Paul was certain about the benefits of suffering. Verse 8, “We are afflicted in every way, but not crushed; perplexed, but not despairing; persecuted, but not forsaken; struck down, but not destroyed.” Afflicted, put under tremendous pressure, but not crushed. We are perplexed, despondent but not despairing in the final sense. We are persecuted, but not abandoned. God is always there protecting us.
These are all severe terms; but through it all he endures. He says in verse 9, “Therefore, I will boast about my weaknesses that the power of Christ may dwell in me. I am well-content with weaknesses, insults, persecutions, and difficulties for Christ’s sake. For when I am weak, then I am strong.” Because suffering tears down his self-confidence and makes him dependent on God.
He says, in verse 10, “I’m always carrying about in the body the dying of Jesus.” What did he mean by that? He means that they can’t kill Jesus; He’s already gone. So, they’re trying to kill me in his place. All his suffering was expression of hatred of Jesus. He took the blows that were meant for Jesus. “I bear in my body,” he said to the Galatians, “the marks of Christ.”
Verse 11, he says, “We who live are constantly being delivered over to death for Jesus’ sake.” There are all kinds of plots among the Jews and the Gentiles to kill him. All of this again is so that the life of Jesus also may be manifested in our mortal flesh. So, death works in us, but the result is life which works in you. He risks death to display the transforming power of Christ.
Paul was a man of unwavering commitment. He was certain of his convictions. He’s never bitter about his suffering; he accepts it. It is God’s way of humbling him, making him weak so that he can become strong.
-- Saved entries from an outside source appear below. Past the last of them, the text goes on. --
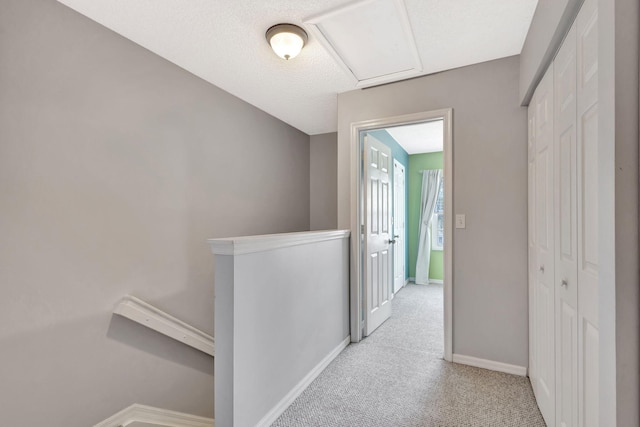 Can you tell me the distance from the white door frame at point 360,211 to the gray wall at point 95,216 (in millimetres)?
1277

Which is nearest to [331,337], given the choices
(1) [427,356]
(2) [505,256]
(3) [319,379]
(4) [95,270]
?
(3) [319,379]

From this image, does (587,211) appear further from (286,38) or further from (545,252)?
(286,38)

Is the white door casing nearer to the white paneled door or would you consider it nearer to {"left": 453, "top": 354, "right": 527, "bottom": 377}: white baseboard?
the white paneled door

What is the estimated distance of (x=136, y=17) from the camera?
181cm

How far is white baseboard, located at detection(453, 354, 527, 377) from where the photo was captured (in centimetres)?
213

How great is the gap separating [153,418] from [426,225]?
14.9 ft

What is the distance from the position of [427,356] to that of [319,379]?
958 millimetres

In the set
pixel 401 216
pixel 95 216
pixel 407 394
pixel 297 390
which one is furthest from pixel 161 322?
pixel 401 216

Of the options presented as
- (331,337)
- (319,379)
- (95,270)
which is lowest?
(319,379)

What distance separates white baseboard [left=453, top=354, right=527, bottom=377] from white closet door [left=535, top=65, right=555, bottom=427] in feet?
1.14

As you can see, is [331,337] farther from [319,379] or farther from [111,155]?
[111,155]

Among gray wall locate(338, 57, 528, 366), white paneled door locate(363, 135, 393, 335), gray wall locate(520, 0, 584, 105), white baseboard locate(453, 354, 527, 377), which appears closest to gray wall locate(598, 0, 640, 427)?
gray wall locate(520, 0, 584, 105)

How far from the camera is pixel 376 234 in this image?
3.11m

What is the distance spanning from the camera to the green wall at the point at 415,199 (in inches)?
210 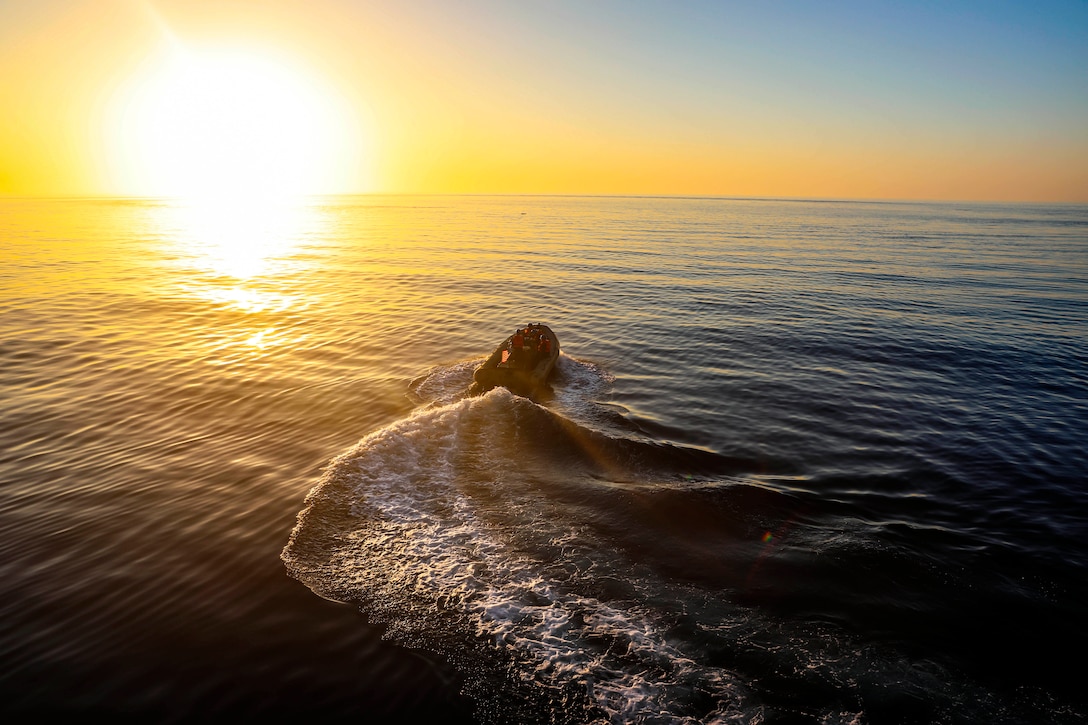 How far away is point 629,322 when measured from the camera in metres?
32.5

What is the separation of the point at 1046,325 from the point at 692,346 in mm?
20257

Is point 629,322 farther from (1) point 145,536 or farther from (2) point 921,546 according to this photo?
(1) point 145,536

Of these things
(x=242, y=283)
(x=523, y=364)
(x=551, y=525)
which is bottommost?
(x=551, y=525)

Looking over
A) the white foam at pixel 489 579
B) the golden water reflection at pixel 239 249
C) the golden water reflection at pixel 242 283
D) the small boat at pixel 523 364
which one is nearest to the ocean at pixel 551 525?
the white foam at pixel 489 579

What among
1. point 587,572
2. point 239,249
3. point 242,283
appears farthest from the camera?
point 239,249

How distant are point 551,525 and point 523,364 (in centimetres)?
1030

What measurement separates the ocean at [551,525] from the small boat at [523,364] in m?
0.81

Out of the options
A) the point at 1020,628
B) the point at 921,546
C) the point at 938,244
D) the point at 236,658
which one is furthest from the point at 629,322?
the point at 938,244

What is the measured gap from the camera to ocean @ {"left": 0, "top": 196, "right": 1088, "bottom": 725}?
26.9 ft

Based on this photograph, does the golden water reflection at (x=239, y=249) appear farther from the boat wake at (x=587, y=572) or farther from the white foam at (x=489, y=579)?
the boat wake at (x=587, y=572)

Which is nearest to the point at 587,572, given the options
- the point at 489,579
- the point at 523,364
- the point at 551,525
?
the point at 551,525

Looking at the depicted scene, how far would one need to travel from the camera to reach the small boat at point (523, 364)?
67.5 ft

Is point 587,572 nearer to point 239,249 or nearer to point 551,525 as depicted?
point 551,525

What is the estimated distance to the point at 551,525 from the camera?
1216cm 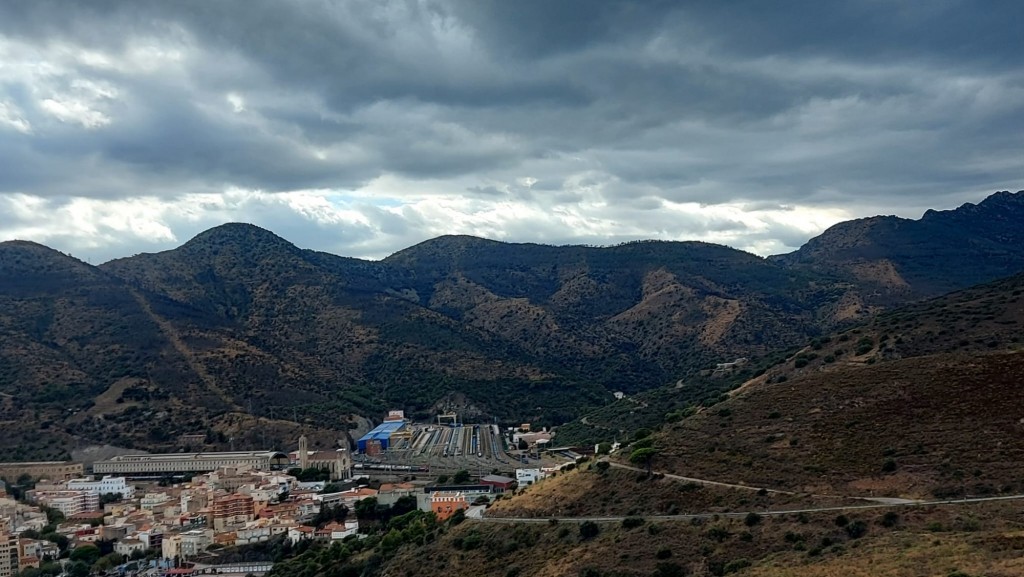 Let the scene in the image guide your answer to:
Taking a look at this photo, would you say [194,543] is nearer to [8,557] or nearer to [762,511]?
[8,557]

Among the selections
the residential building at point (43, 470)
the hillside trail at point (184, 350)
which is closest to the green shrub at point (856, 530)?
the residential building at point (43, 470)

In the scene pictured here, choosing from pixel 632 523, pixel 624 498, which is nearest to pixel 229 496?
pixel 624 498

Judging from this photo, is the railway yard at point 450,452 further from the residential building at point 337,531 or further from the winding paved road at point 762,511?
the winding paved road at point 762,511

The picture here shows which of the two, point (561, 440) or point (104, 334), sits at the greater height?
point (104, 334)

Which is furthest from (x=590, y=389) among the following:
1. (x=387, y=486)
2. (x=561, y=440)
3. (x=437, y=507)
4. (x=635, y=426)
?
(x=437, y=507)

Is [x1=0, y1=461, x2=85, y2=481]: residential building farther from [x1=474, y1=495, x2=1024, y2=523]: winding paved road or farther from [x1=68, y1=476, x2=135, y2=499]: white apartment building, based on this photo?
[x1=474, y1=495, x2=1024, y2=523]: winding paved road

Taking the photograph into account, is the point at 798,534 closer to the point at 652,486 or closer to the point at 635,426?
the point at 652,486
No matter what hostility comes his way, he will never change his message because he is certain of the need to be faithful to his own convictions.
Enduring ministry, belongs to people who have long-term, unwavering convictions. So, he quotes Psalm 116, “I believe, therefore I speak.” And he says, “So we speak.” This is integrity. And integrity belongs to long-term Christian ministry. What he believed is exactly what he said. If privately you say you believe something, but on publicly you’re unwilling to say it, then people will not trust your integrity.
Verse 18, “We look not at the things which are seen, but at the things which are not seen; for the things which are seen are temporal, but the things which are not seen are eternal.” The spiritual is more important than the physical. The eternal is more important than the temporal. The heavenly is more important than the earthly. So, he says, “For me to live is Christ, and to die is gain.” Let us pray.